3. Constant. Memory (re)writable only by the host, between execution of the batch of kernels.

This is mapped to the LLVM concept of address spaces. In SPIR and CUDA these map to the above regions. In addition to the above there is a fifth address space (address space 4) that pointers may point to which is generic.

Note that pointers have two associated address spaces: the space of residence and the pointer space, e.g. one can have a local pointer to global memory, i.e. the pointer resides in local memory but points to somewhere in global memory.

TODO: how useful is this (other than for private which is required)? how should this interact with D default TLS?

The concept of address spaces does not exist in D and will need to be translated somehow.

Restrictions

In the environment of CUDA and OpenCL the nature of execution is more restricted than on CPU. In short, there are no exceptions (what to do about assert?), no function pointers (all template delegate parameters MUST be inlined), no recursion either direct or indirect, there is no I/O, no C or D runtime and no OS. However synchronisation primitives such as fence are still available, as are atomics. The expected way to achieve this is to have a transitive attribute (@kernel) that enforces these restriction similar to @nogc, nothrow and pure. If we were to disallow non-builtin globals and make the builtin ones immutable we may be able to get away with @kernel being equivalent to @nogc pure nothrow.

Ranges

Much of the programming power of D comes from ranges. The paradigm does not transfer perfectly to CUDA and OpenCL but should still be usable.

First it is useful to briefly cover the different types of ranges.

Generative ranges These do not take a range as an input put produce one. The produced range is not random access.

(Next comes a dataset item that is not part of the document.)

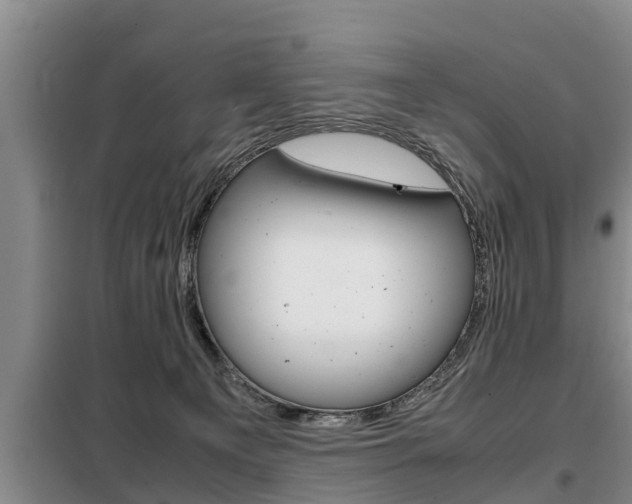 X0000099410129200805090736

Transformative ranges These take ranges as input and return them as output. The output(s) are not necessarily random access (but will generally be if the input is). In the context of GPGPU it is useful to further categorise these as to the relation of the number of elements of input when compared to the number of outputs. Of particular interest are ranges that perform an n:n mapping as these can be chained from within the same kernel. The obvious example here is `map`. Some ranges e.g. `filter` do not preserve this and will have to be dealt with differently e.g. changing elements that do not pass the predicate to a sentinel value (e.g. NaN).

Consuming Ranges These take range(s) as input and either return void or a scalar.

In order to be chained within the same kernel the input range(s) need to have the same number of elements as the output and be random access. as the quintessential range on GPUs are arrays. Also the notion of `.save`ing a range doesn't translate.

Vector types

Currently LDC vector types use adapt __vector which rejects invalid types. this doesn't work for thing like float16 that are too big.

Builtins & Intrinsics

CUDA and OpenCL expose a lot of builtin variables (work size, GlobalLinearId) as well as intrinsic functions various FMA as well as other types like images pipes and events.

Metadata & Special Function attributes

the LLVM IR forms of SPIRV and PTX hold a lot of magic metadata.

The form of the metal data can be found in the test modules for the codegen of clang.

All spirv kernels have the attribute spirv_kernel and all CUDA device function have the attribute ptx_device.

Standard Library

As part of providing SPRI-V and CUDA as backends we will need to provide a standard library of function that meet the restriction criteria imposed by the environment.

A non exhaustive list is

  • vector operations and functions. both for fixed length and (run time) variable length.
  • work group functions e.g. reduce search sort
  • provide the builtin variables.
  • provide function to deal with the special objects: images, pipes and events.

Misc

Currently the KHRONOS branch of LLVM that supports SPIR-V only supports OpenCL. It is worth considering making supporting GLSL easy after the fact.

Ideally we should make the interface for CUDA and OpenCL as similar and consistent as possible. The higher level library code should be agnostic. The functions will be able to be introspected and so should be easy.

SPIR-V has the notion of capabilities.These include things like, half and double precision floating support, 64 bit integers, atomics, 64bit atomics, images and pipes.